Nada está ruim que não possa piorar! A nova Lei que “converte Amazônia em Cerrado” pode desmatar milhões e milhões de hectares

Projeto de Lei Complementar pode mudar forma de categorizar biomas nas propriedades rurais; Reserva Legal nas propriedades pode cair de 80% para 35%

 

Um Projeto de Lei Complementar (PLC) aprovado pela Assembleia Legislativa do Mato Grosso (ALMT) pode alterar o percentual de preservação ambiental por produtores rurais no estado. O PLC 18/2024 propõe uma mudança na maneira de categorizar os biomas, o que pode fazer com que territórios classificados como Floresta Amazônia — que devem preservar 80% de Reserva Legal — em Cerrado, cuja reserva é de 35%.

Para Paulo Moutinho, pesquisador sênior do Instituto de Pesquisa Ambiental da Amazônia (Ipam), o desmatamento de qualquer área de vegetação densa como as citadas no PLC representa um retrocesso para a legislação ambiental. “Representa um agravo da mudança climática global, além de ser um problema local”, destaca.

O especialista lembra que as mudanças de uso da terra (que engloba desmatamento e outros processos de degradação) é o principal emissor de gases do efeito estufa no país, e o Mato Grosso está entre as unidades federativas mais afetadas.

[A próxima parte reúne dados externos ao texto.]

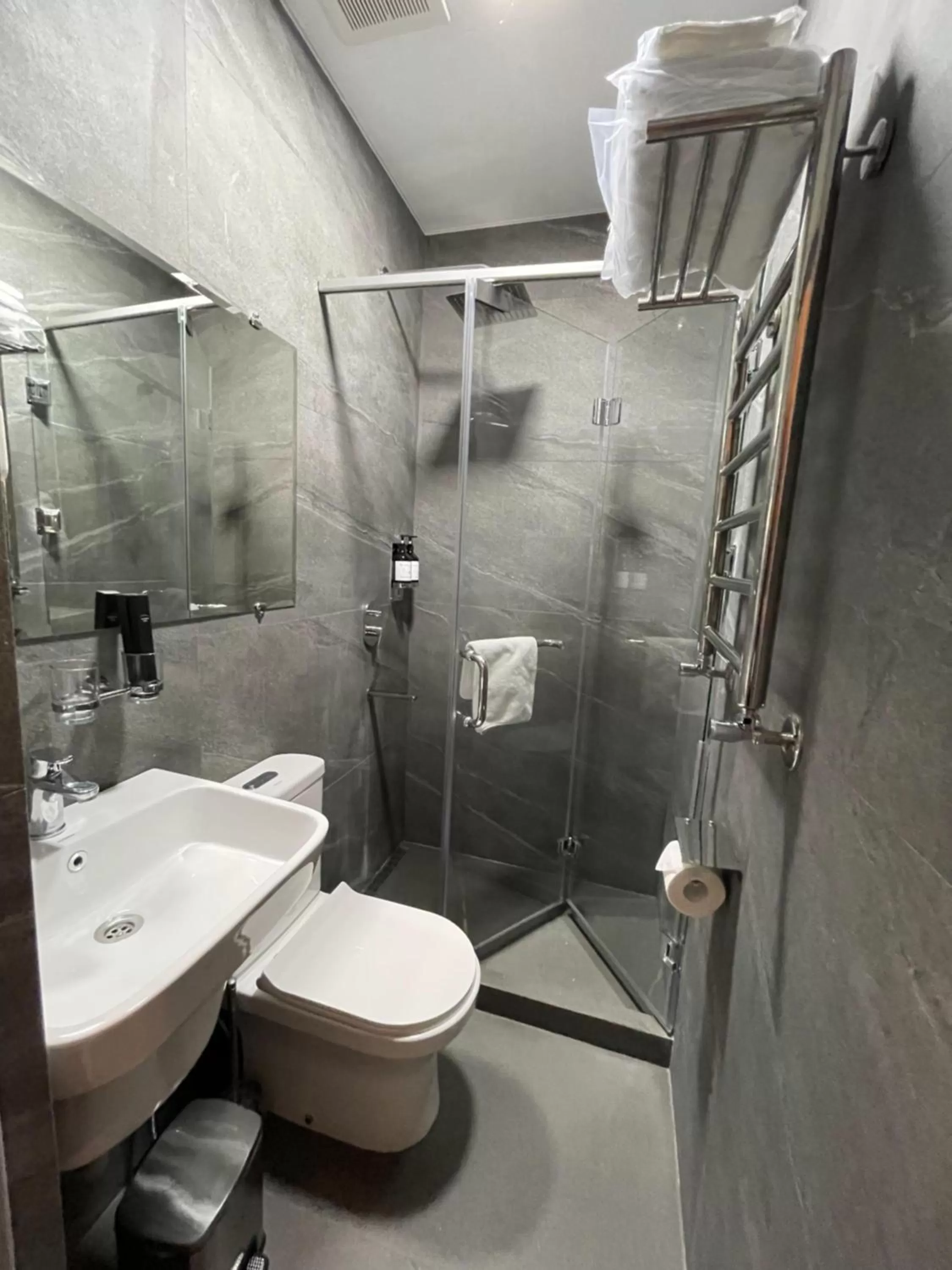 Bathroom in City Centre Hotel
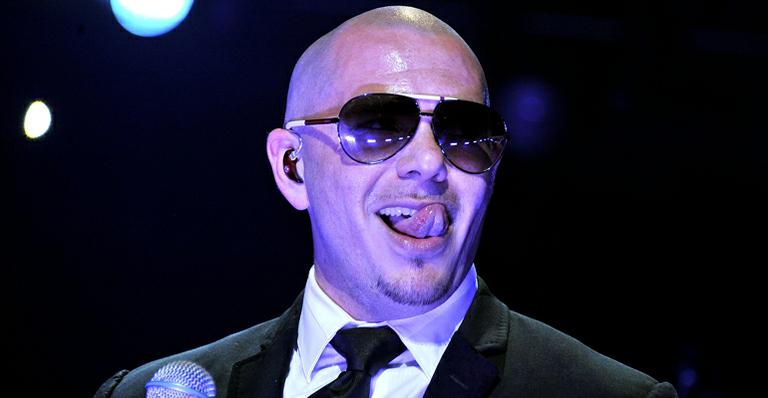 Rapper Pitbull se rende ao hit de Michel Teló em show em Florianópolis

O maior desmatamento, explica, acarreta no sumiço de rios, maior incidência de queimadas e aumento na temperatura.

“A Amazônia e o Cerrado estão perdendo água superficial”, ressalta. “A mudança no Código Florestal representa uma fragilidade para a preservação e uma cegueira para o que está acontecendo à sua volta”.

Moutinho afirma que a ampliação da área para o agronegócio, além de prejudicial, é desnecessária. “No final do dia, a medida dá um tiro na própria produtividade”. Segundo o pesquisador, no estado do Mato Grosso, há hectares de terras desmatados e abandonados, além de terras mal utilizadas que poderiam ser utilizadas para a agricultura, medida que mais eficaz e não aumentar o volume de áreas desmatadas.

O pesquisador cita ainda que o estado tem potencial para se transformar em referência na produção sustentável, mas que a medida representa uma quebra na construção dessa reputação. Como exemplo, Moutinho cita o Projeto CONSERV, desenvolvido pelo Ipam, que remunera produtores rurais que preservam regiões nativas além da Reserva Legal.

Detalhes da mudanças e nova classificação

A nova classificação, aprovada em plenário na última quarta-feira (8/1) deve ser norteada de acordo com a altura média da vegetação. Segundo o texto, são classificados como Floresta os territórios com espécies com média de altura superior a 20 metros, enquanto áreas com árvores menores que 20m categorizam a região com Cerrado.

Publicação do Observatório Socioambiental de Mato Grosso (Observa-MT) alega que a mudança na legislação pode levar ao desmatamento de 5,5 milhões de hectares de florestas no território. A organização emitiu nota de repúdio em que pede o veto da proposta pelo governador Mauro Mendes (União Brasil). “O Projeto de Lei 18/2024 representa um retrocesso significativo na luta contra o desmatamento e uma desconstrução de instrumentos nacionais, a Reserva Legal e o Código Florestal, para reduzir as mudanças climáticas”, escreve.

A tramitação do PLC também foi um fator de crítica. O projeto de autoria do governador em exercício Otaviano Pivetta (Republicanos) fazia somente uma alteração na base de dados para classificação da vegetação, que passa a utilizar o Mapa de Vegetação do Instituto Brasileiro de Geografia e Estatística (IBGE) em substituição ao da RADAMBRASIL. Segundo o texto, a mudança buscava tornar os critérios de categorização mais objetivos “evitando interpretações ambíguas ou imprecisas”.

Entretanto, uma série de substitutivos integrais alteraram o teor original da proposta até o último substitutivo, de autoria do deputado Nininho (PSD), chegar ao plenário da casa.  Além da mudança na proposta, o PLC desconsidera as orientações do IBGE para a classificação de biomas, que considera as formas de vida dominantes, restringindo o processo à análise da altura média das árvores.